◆ WHAT YOU HAVE TO DO ◆
In full and without alteration, return the records below.

*** DATA FOR THE TASK ***

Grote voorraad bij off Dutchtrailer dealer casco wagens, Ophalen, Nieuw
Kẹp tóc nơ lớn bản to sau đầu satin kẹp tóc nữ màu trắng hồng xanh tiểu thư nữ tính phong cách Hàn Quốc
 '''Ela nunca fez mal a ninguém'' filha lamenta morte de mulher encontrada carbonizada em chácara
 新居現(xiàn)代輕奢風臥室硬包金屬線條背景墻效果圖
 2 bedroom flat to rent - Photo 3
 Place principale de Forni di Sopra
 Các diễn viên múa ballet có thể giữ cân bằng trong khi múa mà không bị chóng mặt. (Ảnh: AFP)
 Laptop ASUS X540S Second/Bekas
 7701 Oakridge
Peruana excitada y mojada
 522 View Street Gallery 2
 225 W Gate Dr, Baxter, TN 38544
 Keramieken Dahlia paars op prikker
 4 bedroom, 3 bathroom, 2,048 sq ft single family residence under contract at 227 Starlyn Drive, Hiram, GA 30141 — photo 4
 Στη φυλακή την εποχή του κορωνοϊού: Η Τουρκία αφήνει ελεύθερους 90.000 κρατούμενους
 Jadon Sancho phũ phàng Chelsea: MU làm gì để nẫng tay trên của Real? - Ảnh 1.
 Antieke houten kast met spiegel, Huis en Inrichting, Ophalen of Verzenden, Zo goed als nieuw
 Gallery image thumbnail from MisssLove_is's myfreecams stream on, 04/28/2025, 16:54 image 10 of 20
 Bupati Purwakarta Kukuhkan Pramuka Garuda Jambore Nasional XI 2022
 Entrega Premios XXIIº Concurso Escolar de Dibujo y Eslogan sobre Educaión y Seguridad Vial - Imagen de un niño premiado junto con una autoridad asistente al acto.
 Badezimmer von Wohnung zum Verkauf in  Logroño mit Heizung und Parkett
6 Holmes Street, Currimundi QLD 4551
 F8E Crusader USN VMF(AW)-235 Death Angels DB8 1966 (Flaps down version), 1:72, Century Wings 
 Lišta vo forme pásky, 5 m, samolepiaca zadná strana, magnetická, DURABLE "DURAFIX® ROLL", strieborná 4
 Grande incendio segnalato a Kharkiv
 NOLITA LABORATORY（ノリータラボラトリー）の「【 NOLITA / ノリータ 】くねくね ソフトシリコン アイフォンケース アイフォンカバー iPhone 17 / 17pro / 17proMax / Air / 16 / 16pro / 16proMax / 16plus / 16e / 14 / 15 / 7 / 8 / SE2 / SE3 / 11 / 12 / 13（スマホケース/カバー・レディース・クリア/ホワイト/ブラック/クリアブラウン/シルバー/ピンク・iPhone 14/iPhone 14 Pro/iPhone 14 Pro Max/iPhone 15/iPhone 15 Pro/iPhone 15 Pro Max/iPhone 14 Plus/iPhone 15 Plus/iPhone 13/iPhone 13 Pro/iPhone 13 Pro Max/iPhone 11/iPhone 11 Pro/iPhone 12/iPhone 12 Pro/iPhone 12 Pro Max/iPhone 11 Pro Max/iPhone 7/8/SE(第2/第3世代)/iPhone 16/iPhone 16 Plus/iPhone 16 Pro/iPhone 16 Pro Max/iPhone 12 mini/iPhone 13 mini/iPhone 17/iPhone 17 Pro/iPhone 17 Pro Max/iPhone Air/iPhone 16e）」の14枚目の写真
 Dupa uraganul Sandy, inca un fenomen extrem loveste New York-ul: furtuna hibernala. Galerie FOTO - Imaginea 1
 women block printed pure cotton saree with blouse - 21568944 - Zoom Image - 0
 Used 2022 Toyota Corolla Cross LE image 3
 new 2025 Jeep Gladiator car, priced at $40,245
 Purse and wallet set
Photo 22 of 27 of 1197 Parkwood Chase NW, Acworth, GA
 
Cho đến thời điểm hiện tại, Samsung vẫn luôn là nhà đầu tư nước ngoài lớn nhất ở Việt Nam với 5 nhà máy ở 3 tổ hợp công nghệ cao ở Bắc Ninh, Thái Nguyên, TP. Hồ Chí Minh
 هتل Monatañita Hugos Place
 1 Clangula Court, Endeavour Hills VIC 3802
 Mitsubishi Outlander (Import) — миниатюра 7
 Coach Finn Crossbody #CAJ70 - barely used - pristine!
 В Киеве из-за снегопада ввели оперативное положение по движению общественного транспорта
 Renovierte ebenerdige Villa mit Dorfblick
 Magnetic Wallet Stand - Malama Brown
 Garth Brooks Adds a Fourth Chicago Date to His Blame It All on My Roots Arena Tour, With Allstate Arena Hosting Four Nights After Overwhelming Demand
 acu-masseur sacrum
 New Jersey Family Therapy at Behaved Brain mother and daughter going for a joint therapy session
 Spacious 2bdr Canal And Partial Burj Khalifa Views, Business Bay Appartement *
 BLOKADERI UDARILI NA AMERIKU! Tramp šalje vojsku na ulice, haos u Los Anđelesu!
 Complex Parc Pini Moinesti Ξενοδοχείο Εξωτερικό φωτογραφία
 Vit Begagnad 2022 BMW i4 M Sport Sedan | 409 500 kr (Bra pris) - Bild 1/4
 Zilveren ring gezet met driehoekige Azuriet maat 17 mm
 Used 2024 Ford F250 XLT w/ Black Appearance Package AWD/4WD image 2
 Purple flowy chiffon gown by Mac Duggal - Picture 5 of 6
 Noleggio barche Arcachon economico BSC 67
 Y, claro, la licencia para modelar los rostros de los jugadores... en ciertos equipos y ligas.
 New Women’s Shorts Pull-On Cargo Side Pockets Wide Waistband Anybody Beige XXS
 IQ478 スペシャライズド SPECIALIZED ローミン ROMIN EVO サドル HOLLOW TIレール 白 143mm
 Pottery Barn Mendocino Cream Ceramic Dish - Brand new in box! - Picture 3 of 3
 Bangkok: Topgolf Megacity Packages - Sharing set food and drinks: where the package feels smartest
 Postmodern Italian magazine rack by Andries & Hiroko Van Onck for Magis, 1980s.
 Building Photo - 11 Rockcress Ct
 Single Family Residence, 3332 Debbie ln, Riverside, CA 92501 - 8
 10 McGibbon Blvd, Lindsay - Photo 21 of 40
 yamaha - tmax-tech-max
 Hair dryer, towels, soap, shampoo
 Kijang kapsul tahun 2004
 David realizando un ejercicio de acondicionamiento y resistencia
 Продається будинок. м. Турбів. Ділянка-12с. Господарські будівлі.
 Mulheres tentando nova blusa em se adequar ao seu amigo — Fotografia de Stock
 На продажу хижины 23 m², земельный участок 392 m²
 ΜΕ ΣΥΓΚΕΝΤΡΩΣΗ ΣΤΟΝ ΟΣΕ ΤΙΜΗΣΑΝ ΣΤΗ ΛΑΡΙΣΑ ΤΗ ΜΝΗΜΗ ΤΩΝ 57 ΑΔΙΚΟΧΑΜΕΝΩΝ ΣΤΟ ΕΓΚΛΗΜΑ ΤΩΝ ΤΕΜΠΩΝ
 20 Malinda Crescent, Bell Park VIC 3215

*** End of DATA FOR THE TASK ***

◆ ANSWER SECTION ◆
Grote voorraad bij off Dutchtrailer dealer casco wagens, Ophalen, Nieuw
Kẹp tóc nơ lớn bản to sau đầu satin kẹp tóc nữ màu trắng hồng xanh tiểu thư nữ tính phong cách Hàn Quốc
 '''Ela nunca fez mal a ninguém'' filha lamenta morte de mulher encontrada carbonizada em chácara
 新居現(xiàn)代輕奢風臥室硬包金屬線條背景墻效果圖
 2 bedroom flat to rent - Photo 3
 Place principale de Forni di Sopra
 Các diễn viên múa ballet có thể giữ cân bằng trong khi múa mà không bị chóng mặt. (Ảnh: AFP)
 Laptop ASUS X540S Second/Bekas
 7701 Oakridge
Peruana excitada y mojada
 522 View Street Gallery 2
 225 W Gate Dr, Baxter, TN 38544
 Keramieken Dahlia paars op prikker
 4 bedroom, 3 bathroom, 2,048 sq ft single family residence under contract at 227 Starlyn Drive, Hiram, GA 30141 — photo 4
 Στη φυλακή την εποχή του κορωνοϊού: Η Τουρκία αφήνει ελεύθερους 90.000 κρατούμενους
 Jadon Sancho phũ phàng Chelsea: MU làm gì để nẫng tay trên của Real? - Ảnh 1.
 Antieke houten kast met spiegel, Huis en Inrichting, Ophalen of Verzenden, Zo goed als nieuw
 Gallery image thumbnail from MisssLove_is's myfreecams stream on, 04/28/2025, 16:54 image 10 of 20
 Bupati Purwakarta Kukuhkan Pramuka Garuda Jambore Nasional XI 2022
 Entrega Premios XXIIº Concurso Escolar de Dibujo y Eslogan sobre Educaión y Seguridad Vial - Imagen de un niño premiado junto con una autoridad asistente al acto.
 Badezimmer von Wohnung zum Verkauf in  Logroño mit Heizung und Parkett
6 Holmes Street, Currimundi QLD 4551
 F8E Crusader USN VMF(AW)-235 Death Angels DB8 1966 (Flaps down version), 1:72, Century Wings 
 Lišta vo forme pásky, 5 m, samolepiaca zadná strana, magnetická, DURABLE "DURAFIX® ROLL", strieborná 4
 Grande incendio segnalato a Kharkiv
 NOLITA LABORATORY（ノリータラボラトリー）の「【 NOLITA / ノリータ 】くねくね ソフトシリコン アイフォンケース アイフォンカバー iPhone 17 / 17pro / 17proMax / Air / 16 / 16pro / 16proMax / 16plus / 16e / 14 / 15 / 7 / 8 / SE2 / SE3 / 11 / 12 / 13（スマホケース/カバー・レディース・クリア/ホワイト/ブラック/クリアブラウン/シルバー/ピンク・iPhone 14/iPhone 14 Pro/iPhone 14 Pro Max/iPhone 15/iPhone 15 Pro/iPhone 15 Pro Max/iPhone 14 Plus/iPhone 15 Plus/iPhone 13/iPhone 13 Pro/iPhone 13 Pro Max/iPhone 11/iPhone 11 Pro/iPhone 12/iPhone 12 Pro/iPhone 12 Pro Max/iPhone 11 Pro Max/iPhone 7/8/SE(第2/第3世代)/iPhone 16/iPhone 16 Plus/iPhone 16 Pro/iPhone 16 Pro Max/iPhone 12 mini/iPhone 13 mini/iPhone 17/iPhone 17 Pro/iPhone 17 Pro Max/iPhone Air/iPhone 16e）」の14枚目の写真
 Dupa uraganul Sandy, inca un fenomen extrem loveste New York-ul: furtuna hibernala. Galerie FOTO - Imaginea 1
 women block printed pure cotton saree with blouse - 21568944 - Zoom Image - 0
 Used 2022 Toyota Corolla Cross LE image 3
 new 2025 Jeep Gladiator car, priced at $40,245
 Purse and wallet set
Photo 22 of 27 of 1197 Parkwood Chase NW, Acworth, GA
 
Cho đến thời điểm hiện tại, Samsung vẫn luôn là nhà đầu tư nước ngoài lớn nhất ở Việt Nam với 5 nhà máy ở 3 tổ hợp công nghệ cao ở Bắc Ninh, Thái Nguyên, TP. Hồ Chí Minh
 هتل Monatañita Hugos Place
 1 Clangula Court, Endeavour Hills VIC 3802
 Mitsubishi Outlander (Import) — миниатюра 7
 Coach Finn Crossbody #CAJ70 - barely used - pristine!
 В Киеве из-за снегопада ввели оперативное положение по движению общественного транспорта
 Renovierte ebenerdige Villa mit Dorfblick
 Magnetic Wallet Stand - Malama Brown
 Garth Brooks Adds a Fourth Chicago Date to His Blame It All on My Roots Arena Tour, With Allstate Arena Hosting Four Nights After Overwhelming Demand
 acu-masseur sacrum
 New Jersey Family Therapy at Behaved Brain mother and daughter going for a joint therapy session
 Spacious 2bdr Canal And Partial Burj Khalifa Views, Business Bay Appartement *
 BLOKADERI UDARILI NA AMERIKU! Tramp šalje vojsku na ulice, haos u Los Anđelesu!
 Complex Parc Pini Moinesti Ξενοδοχείο Εξωτερικό φωτογραφία
 Vit Begagnad 2022 BMW i4 M Sport Sedan | 409 500 kr (Bra pris) - Bild 1/4
 Zilveren ring gezet met driehoekige Azuriet maat 17 mm
 Used 2024 Ford F250 XLT w/ Black Appearance Package AWD/4WD image 2
 Purple flowy chiffon gown by Mac Duggal - Picture 5 of 6
 Noleggio barche Arcachon economico BSC 67
 Y, claro, la licencia para modelar los rostros de los jugadores... en ciertos equipos y ligas.
 New Women’s Shorts Pull-On Cargo Side Pockets Wide Waistband Anybody Beige XXS
 IQ478 スペシャライズド SPECIALIZED ローミン ROMIN EVO サドル HOLLOW TIレール 白 143mm
 Pottery Barn Mendocino Cream Ceramic Dish - Brand new in box! - Picture 3 of 3
 Bangkok: Topgolf Megacity Packages - Sharing set food and drinks: where the package feels smartest
 Postmodern Italian magazine rack by Andries & Hiroko Van Onck for Magis, 1980s.
 Building Photo - 11 Rockcress Ct
 Single Family Residence, 3332 Debbie ln, Riverside, CA 92501 - 8
 10 McGibbon Blvd, Lindsay - Photo 21 of 40
 yamaha - tmax-tech-max
 Hair dryer, towels, soap, shampoo
 Kijang kapsul tahun 2004
 David realizando un ejercicio de acondicionamiento y resistencia
 Продається будинок. м. Турбів. Ділянка-12с. Господарські будівлі.
 Mulheres tentando nova blusa em se adequar ao seu amigo — Fotografia de Stock
 На продажу хижины 23 m², земельный участок 392 m²
 ΜΕ ΣΥΓΚΕΝΤΡΩΣΗ ΣΤΟΝ ΟΣΕ ΤΙΜΗΣΑΝ ΣΤΗ ΛΑΡΙΣΑ ΤΗ ΜΝΗΜΗ ΤΩΝ 57 ΑΔΙΚΟΧΑΜΕΝΩΝ ΣΤΟ ΕΓΚΛΗΜΑ ΤΩΝ ΤΕΜΠΩΝ
 20 Malinda Crescent, Bell Park VIC 3215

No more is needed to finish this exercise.